Figure 1.
Predicted ion-selectivity of putative S. mansoni nAChRs.
A structural alignment of human, Lymnaea and S. mansoni nAChR subunits was generated using the Torpedo nAChR structure (PDB Accession # 2BG9) as a template. The M1-M2 linker region, shown here, is a key determinant of ion-selectivity in Cys-loop ligand gated ion channels. A glutamate residue (arrow) confers cation-selectivity and is present in all vertebrate subunits, as well as two of the S. mansoni subunits. The remaining schistosome and snail subunits display a Pro-Ala motif in this position, suggesting anion-selectivity. The two subunits described in this study are identified as S. mansoni acetylcholine-gated chloride channels SmACC-1 and SmACC-2. Other S. mansoni subunits are identified by their “Smp” designation obtained from the S. mansoni Genome Database (S. mansoni GeneDB). The corresponding GenBank accession numbers are listed in Table S1.
Figure 2.
Phylogenetic analysis of cys-loop ion channel subunits.
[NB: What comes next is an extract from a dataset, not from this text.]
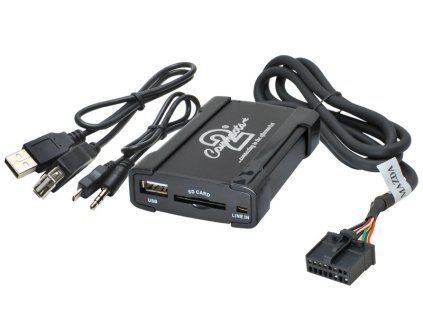 USB / AUX vstup Mazda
A bootstrapped, neighbor-joining tree was constructed in PHYLIP from a CLUSTALX alignment of vertebrate and invertebrate Cys-loop superfamily receptor subunits. The tree is midpoint-rooted and was visualized using FigTree 3.0. Only nodes supported by bootstrap values of 70% or higher are shown. Two distinct groups of receptors can be seen, the γ-aminobutyric acid (GABA)/glycine-like anion channels and the nicotinic acetylcholine receptors (nAChRs). The C. elegans acetylcholine-gated chloride channels (ACC) form a distinct clade within the larger group of GABA/glycine anion channels (green inset). In contrast the predicted Schistosoma acetylcholine-gated chloride channels (SmACCs) align with cholinergic nicotinic nAChRs, suggesting divergent evolutionary paths. The SmACCs described here are indicated by arrows and they constitute a separate clade in the nAChR tree along with putative homologs from flatworms Dugesia (Dtig), Clonorchis (Cs) and S. haematobium, as well as the snail Lymnaea (Lym). Accession numbers for sequences used in the alignment are listed in Table S1.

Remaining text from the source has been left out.